Not only did we talk about her career, but we even connected on a more personal level, as we discussed her Parkinson's disease and my father's passing from Huntington's disease, another neurological disorder. She was very sweet and caring, just as I thought she would be - and that meant so much to me. 

So here is my interview with Linda - the audio file of my conversation with her, the link to the published article in the CDT, and the original unedited article which I submitted. Hope you enjoy it!



Linda Ronstadt Still Using Her Voice to Entertain, Encourage, and Inspire

Parkinson’s disease may have stolen Linda Ronstadt’s beautiful singing voice but it hasn’t taken away her ability to entertain audiences. The Rock and Roll Hall of Fame and Grammy Award-winning singer, author, and 2013 National Medal of Arts and Humanities recipient has continued to tour the country, speaking about her legendary career in music and her courageous spirit as she fights her illness.

In September 2013, Ronstadt’s autobiography Simple Dreams: A Musical Memoir was released, becoming a New York Times Best Seller and prompting Ronstadt on a book tour of the East and West Coasts. Ronstadt recently spoke at the Seawell Grand Ballroom in Denver, Colorado April 13 and will make an appearance May 13 at The Grand Opera House in Wilmington, Delaware, as part of the “Smart Talk Woman Series.” 

Known as the “Queen of Rock” in the 1970s, Ronstadt, 68, once possessed one of the greatest singing voices in music history, performing in a myriad of styles, including folk, country, rock, pop, American standards, Mexican, Latin, jazz, and Cajun. In 2009, Ronstadt officially retired from performing and since a diagnosis in 2013, has been battling Parkinson’s disease.

Although she can no longer sing, the Tucson, Arizona native now performs with a voice that entertains and educates with knowledge, honesty, humor, wit, modesty, and professionalism – the same qualities that have made her one of the most beloved artists for generations of fans. Ronstadt recently spoke with the Centre Daily Times from her home in San Francisco and talked about her career in music, living with Parkinson’s, and what the future holds for her.

CDT: In August 2013, it was reported that you had been diagnosed with Parkinson’s disease, and could no longer sing. Since then you have written your memoir and toured the country, promoting the book and speaking to audiences about your musical journey over an amazing four-decade career. How different has this experience been for you as a public speaker, now that you are no longer able to sing for audiences?

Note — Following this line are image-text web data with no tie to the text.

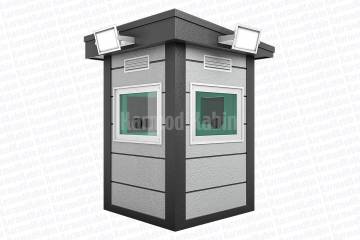 Zırhlı Kabin 150x150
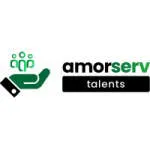 AmorServ Talents company logo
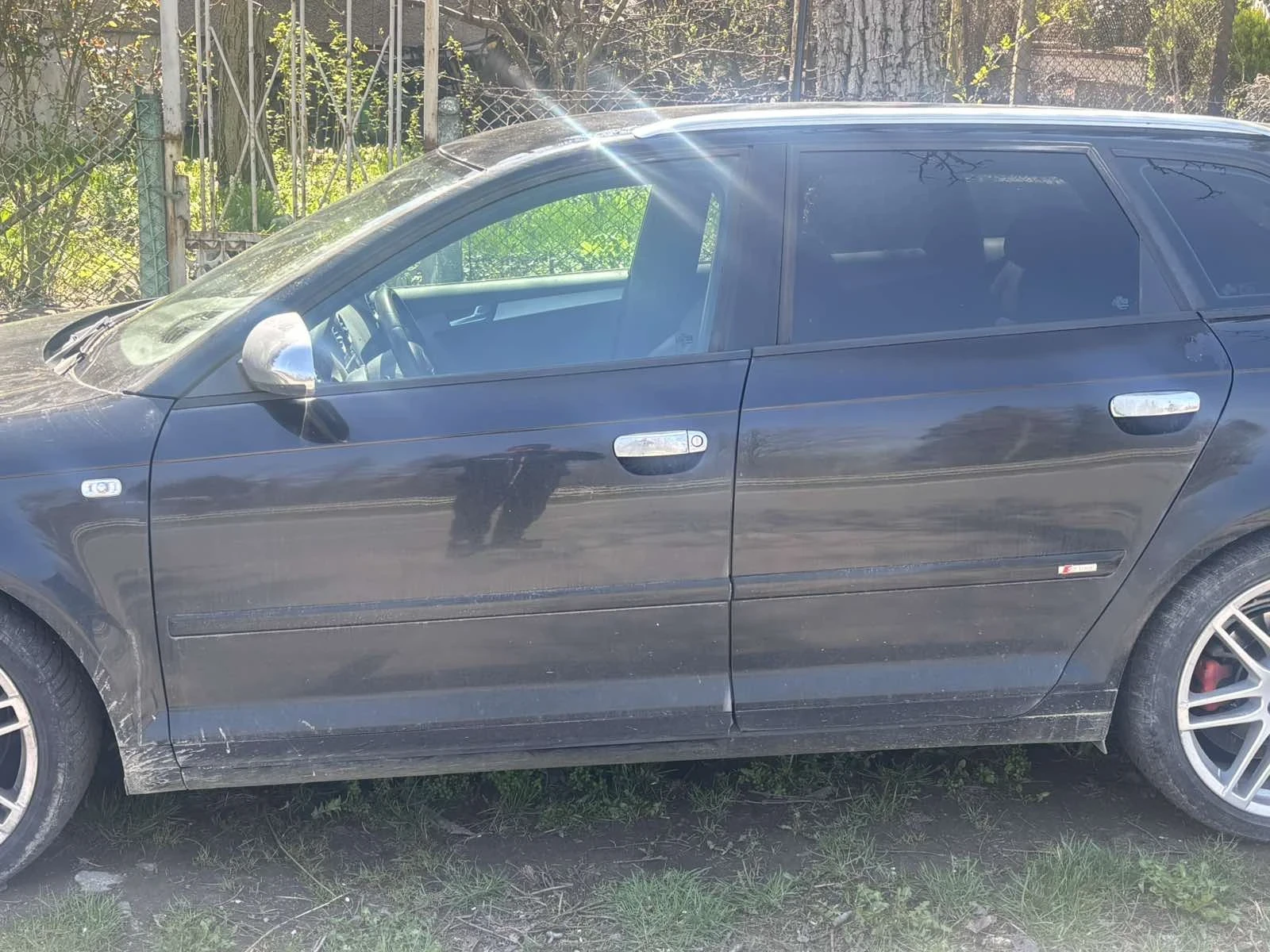 Audi A3 2.0 TDI S Line, снимка 3 - Автомобили и джипове - 54172537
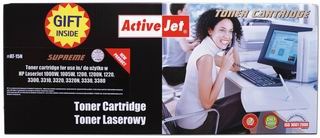 Toner ActiveJet AT-15N | Black | 3100 str. | HP C7115A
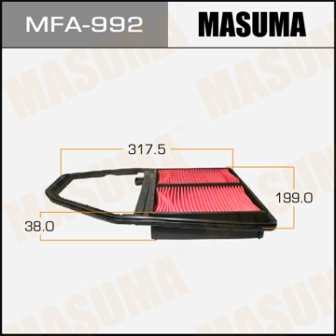 Воздушный фильтр Masuma   MFA-992  A-869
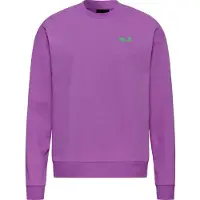 Jack Wolfskin Pullover Celebrate The Paw Crewneck Damen Foxglove-M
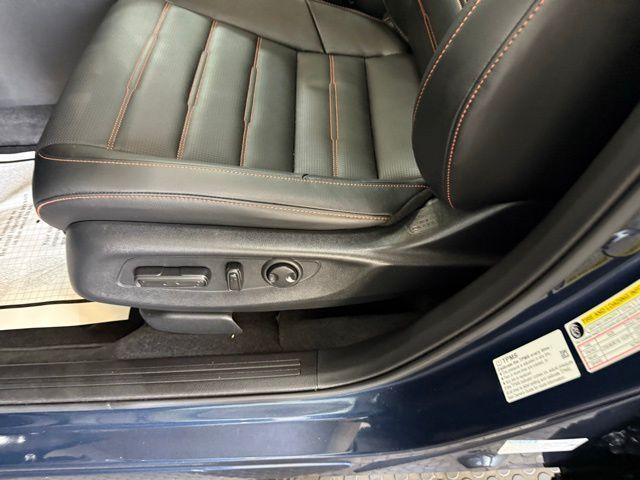 used 2025 Honda CR-V Hybrid car, priced at $37,993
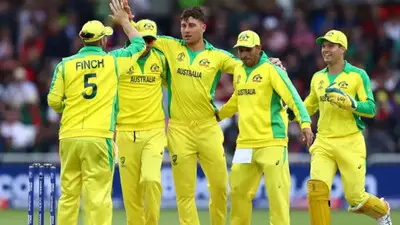 Marcus Stoinis Retirement: चैंपियंस ट्रॉफी से पहले इस स्टार खिलाड़ी ने किया संन्यास का ऐलान...
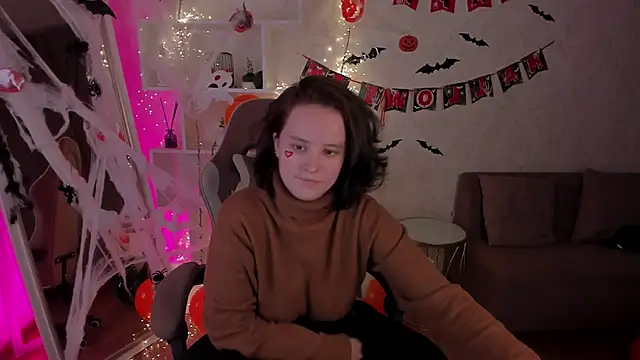 Violet Ferguson online show from 10/29/25, 06:42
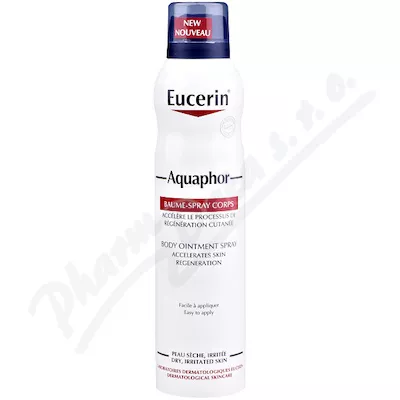 EUCERIN Aquaphor mast ve spreji 250ml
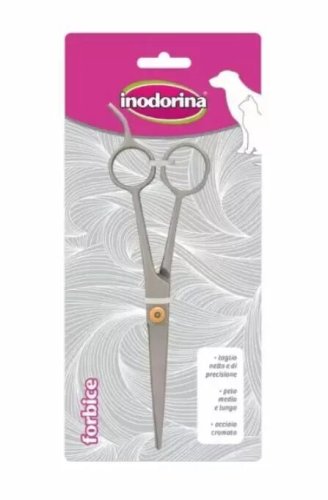 Ножиці Inodorina Forbice Cane для стрижки собак - 1 шт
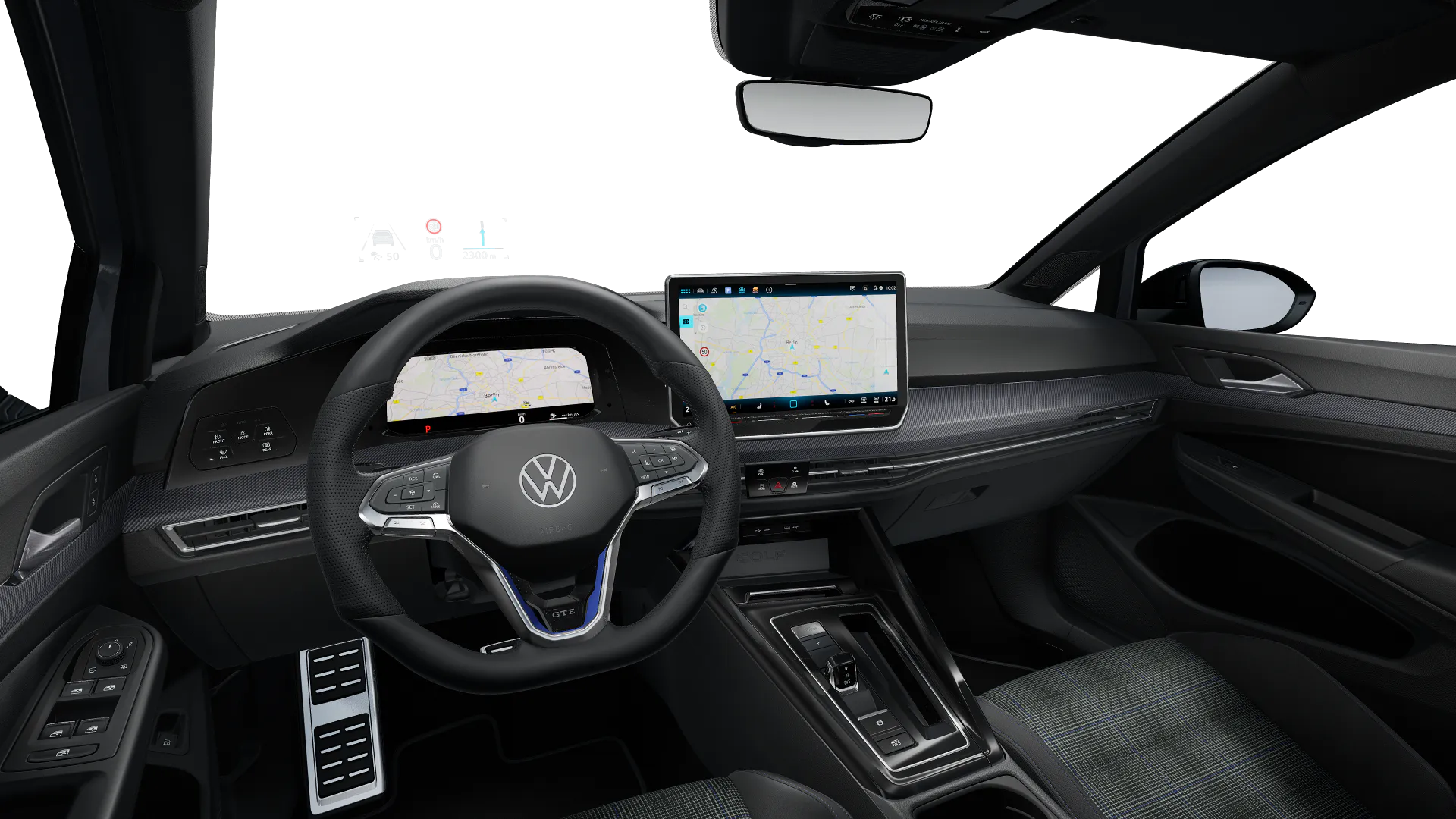 Volkswagen Golf GTE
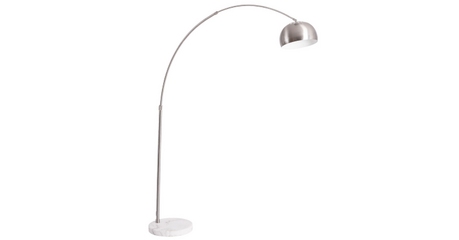 Торшер Arte Lamp Arco A8926PN-1SS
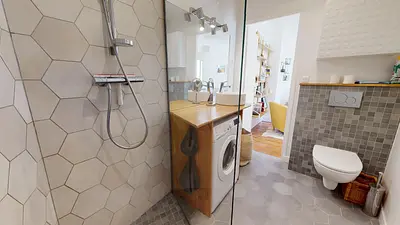 Photo du 77 Rue Lamarck, 75018 Paris, France Paris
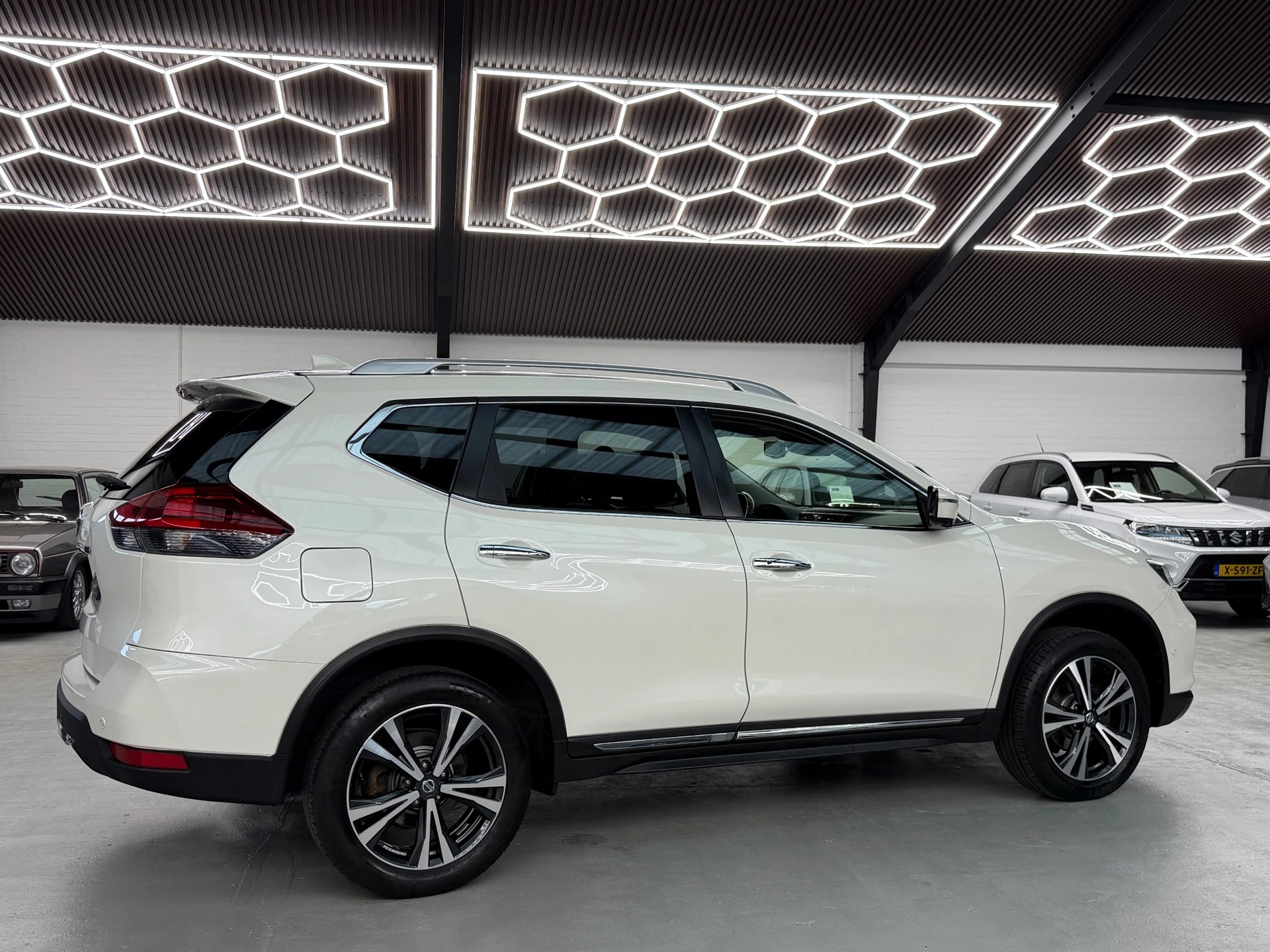 Hoofdafbeelding Nissan X-Trail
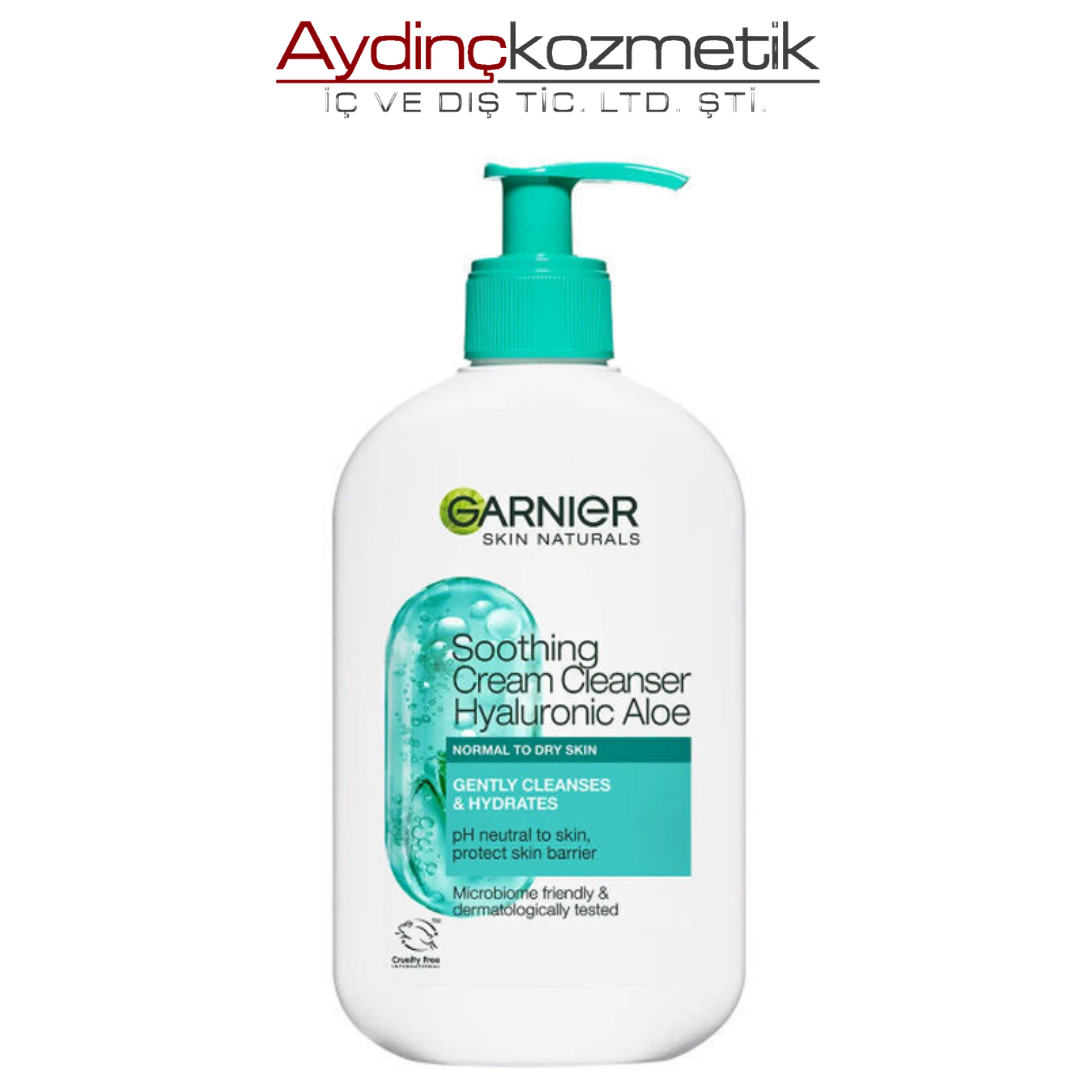 Garnier Skin  Hyaluronik Aloe Nem+yatiştiran Tem.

Ronstadt: It’s the weirdest thing. I can still sing in my brain. There are a few songs that I’ve heard that I missed back in the day, and I can hear exactly what I would do with them. But I can’t do it. But speaking feels really comfortable. Oddly, I spoke so little the whole time I was singing. It feels very natural because I know how the story goes. If I’m being interviewed I know the answers generally. I don’t worry that I’ll forget, but I worry that people will ask me why I’m not singing. But I can’t.

CDT: When did you first start to notice the symptoms of Parkinson’s, how did it affect your singing, and what did you do to adapt to the changes in your voice?

Ronstadt: I actually started noticing in the year 2000. It turns out that it shows up in your voice before anything. They have a new way they can diagnose it; the earliest place it shows up is in your voice. I remember when things started to be different. I was making an album with Emmylou Harris and I noticed when I was in the studio that when I’d go to do certain things that it wouldn’t happen. I’d start to sing a note and my vocal cords would just clench up. If I would’ve known more about Parkinson’s disease I probably would’ve figured it out. From then on it was just every day. Then I’d start tripping and falling down, and I couldn’t understand why. I also had terrible fatigue.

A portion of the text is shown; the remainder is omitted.